Description du dispositif.
Les séances se déroulent
en classe avec de vingt à trente enfants. Le groupe est constitué
de la façon suivante : une quinzaine de discutants assis sur
des bancs en forme de U ; face à eux l'enseignant est assis avec
à ses côtés un président et un reformulateur.
Au centre du groupe un élève passe le micro et à
l'extérieur du groupe cinq à six élèves
vont faire un dessin qui se rapportera à la discussion.

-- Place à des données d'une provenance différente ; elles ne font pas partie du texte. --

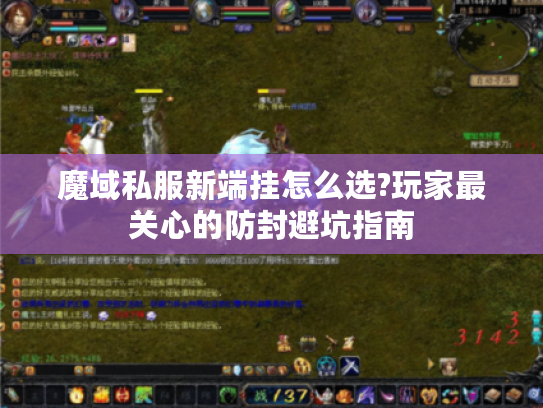 魔域私服新端挂怎么选?玩家最关心的防封避坑指南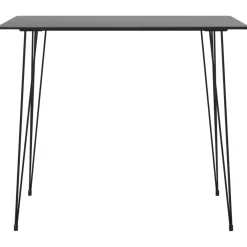 vidaXL 5-delige Barset zwart en wit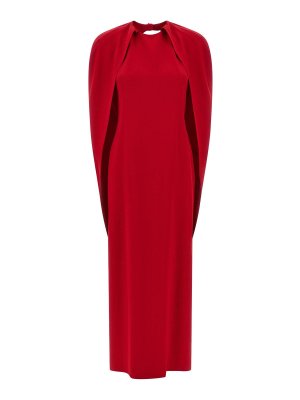 ALBERTA FERRETTI: crew necks - Cape Dress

En vivant des situations concrètes
de locuteur ou d'interlocuteur l'élève utilise différents
registres de la langue. Benveniste (1966, p. 130) définit trois
modalités syntaxiques pour rendre compte des aspects fonctionnels
et formels de la langue " trois comportements fondamentaux de l'homme
parlant et agissant par le discours sur l'interlocuteur : il veut lui
transmettre un élément de connaissance, ou obtenir de
lui une information, ou lui intimer un ordre. " Ainsi, l'élève
discutant se confronte au problème de la définition, il
tente de construire et de produire un énoncé fait de propositions
déclaratives. À l'issu de la séance, les élèves
discutants interrogent le dessin fabriqué par un autre élève,
ils s'exercent au genre des propositions interrogatives. Celui qui apprend
à questionner produit une injonction, une action sur l'énoncé
de son interlocuteur. Les propositions de l'élève sont
de nature pragmatique, ses énoncés s'inscrivent dans des
actes langagiers du type directif (proposition impérative) "Qui
veut parler ? Arrête de faire de bruit !
" La mise en
place des rôles dans le dispositif a donc pour but d'élargir
les compétences langagières de l'élève parce
que celles-ci sont nécessaires si l'on veut que le sujet puisse
apprendre à : conceptualiser, argumenter et problématiser.
DEfinitions deS rOles.
Le Président de
Séance donne la parole à trois ou quatre élèves
parmi ceux qui le demandent. Il est responsable du bon fonctionnement
de l'atelier, il doit rappeler à l'ordre ceux qui se dissipent.
Il doit connaître le nom des élèves, apprendre à
s'affirmer par la parole puisqu'il représente l'autorité.
Son pouvoir n'est pas seulement un droit, c'est aussi le devoir d'être
impartial.
Le Reformulateur intervient
après la prise de parole de trois ou quatre discutants. Il doit
écouter attentivement ce que les autres disent, essayer de les
comprendre et retenir une partie de leur discours. Il transforme leurs
énoncés : discours direct versus discours indirect, gère
des relations linguistiques (pronoms, adjectifs, articles
). Par
exemple, si un locuteur dit " Moi, quand j'ai des copains je lui
prête mes jouets. ", le reformulateur reprendra en disant
:" Il a dit que quand il
a des copains, il prête ses jouets.".
Ce travail linguistique nécessite une décentration de
son propre point de vue. C'est un effort cognitif très important
parce que pour reformuler il faut se débarrasser de ses opinions
pour ne pas ajouter ce qui n'a pas été dit. Il ne faut
retenir que ce qui est essentiel donc apprendre à abstraire.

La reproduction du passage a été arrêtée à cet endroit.